Tag Archives: journal-writing

Surfing the Creative Doldrums

A couple of days ago I hit a low point. Too low to write a blog. And a good thing too – it would have been no fun to read. And so, instead of burdening my readers with unassimilated angst and rampant inertia, I headed straight for my journal, my favourite safe haven, and wrote the following:

“I have a ‘should’ about moving forward with my creative work today. I don’t want to. I don’t want to do anything today except read, eat, stare out the window, make some phone calls. I don’t want to market my writing services, I don’t want to work on my book on deconstructing spiritual communities. I don’t want to move forward on my plan to make May a month of creative celebration. I do not feel inspired – at all. I feel absolutely unmotivated. I can see kitesurfers from my living room window.

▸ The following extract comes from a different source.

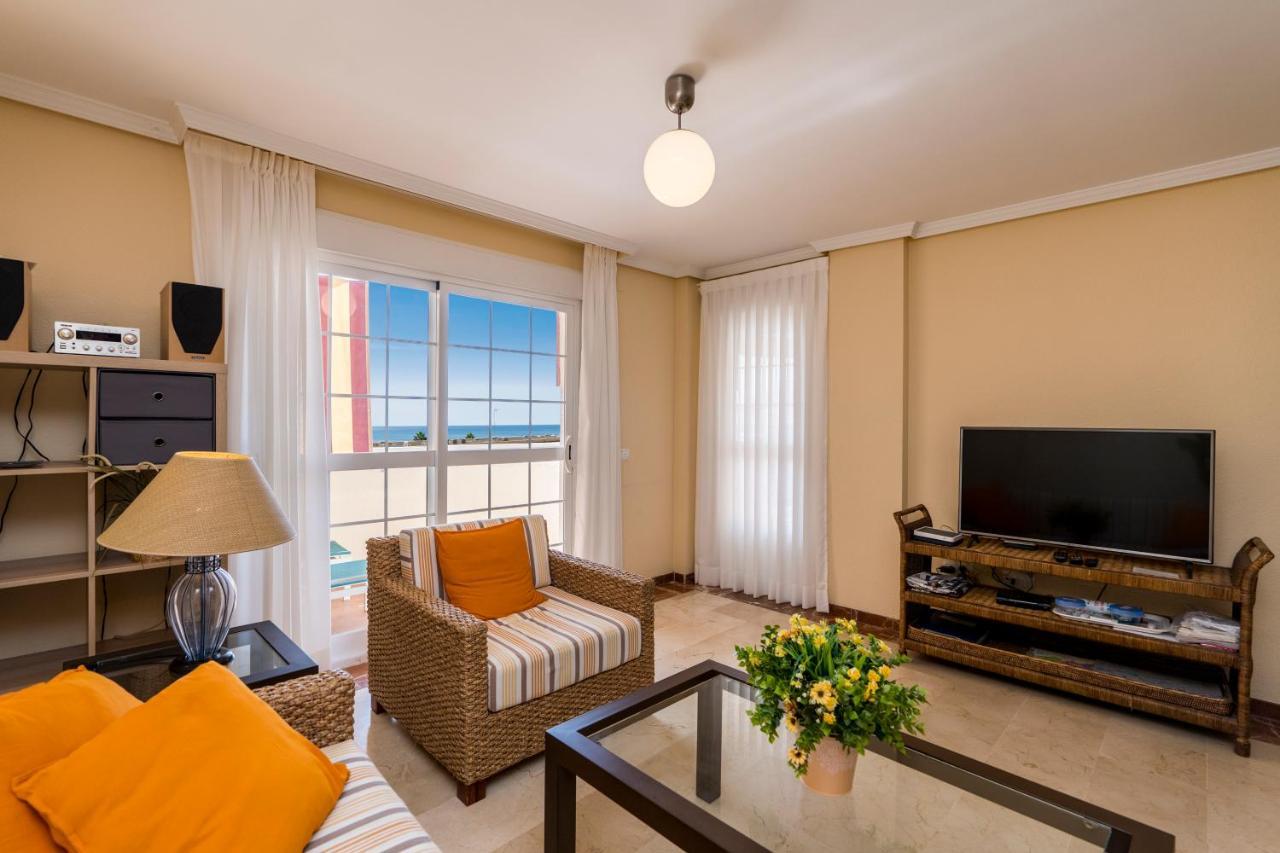 Apartamento Torreon Del Mar 100M De La Playa Garage Benalmádena Exterior foto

Perfect wind conditions. Gorgeous sunny day. It must be heavenly out there in that rollicking indigo ocean. Did they have to drag themselves out of bed, force themselves onto the highway in their Acura MDX with board strapped to the roof, fight their way into their slightly damp and clingy wet suit? Not likely. In the mood I’m in today, I would have rolled over.”

I know this state well enough to recognize it as the creative doldrums, a transitional state that happens after a time of intense busyness and focus. Once the big project is done, then what? The adrenalin is still high from the big push and with nowhere to apply it, panic sets in and the mind goes into overdrive. What if I never work again? What if I’ve got writer’s block? What if I should have gone to library school? One idiotic thought follows another.

I took three deep breaths. Then I took seven more. With sanity returning, I watched the kitesurfers soaring and looping and sailing through the air. Like them, I let go of everything – the to do list, the expectations, the shoulds – everything except the experience of being alive. Like them, I allowed myself to be carried beyond my fear. Like them, I opened up an ocean of possibility.

After a day or so of no obligations and absolute freedom to do whatever brought me joy, I was getting up with the seagulls to work on my book for a couple of hours before the beginning of my work day, I was planning my May of creative celebration. I was riding the wave.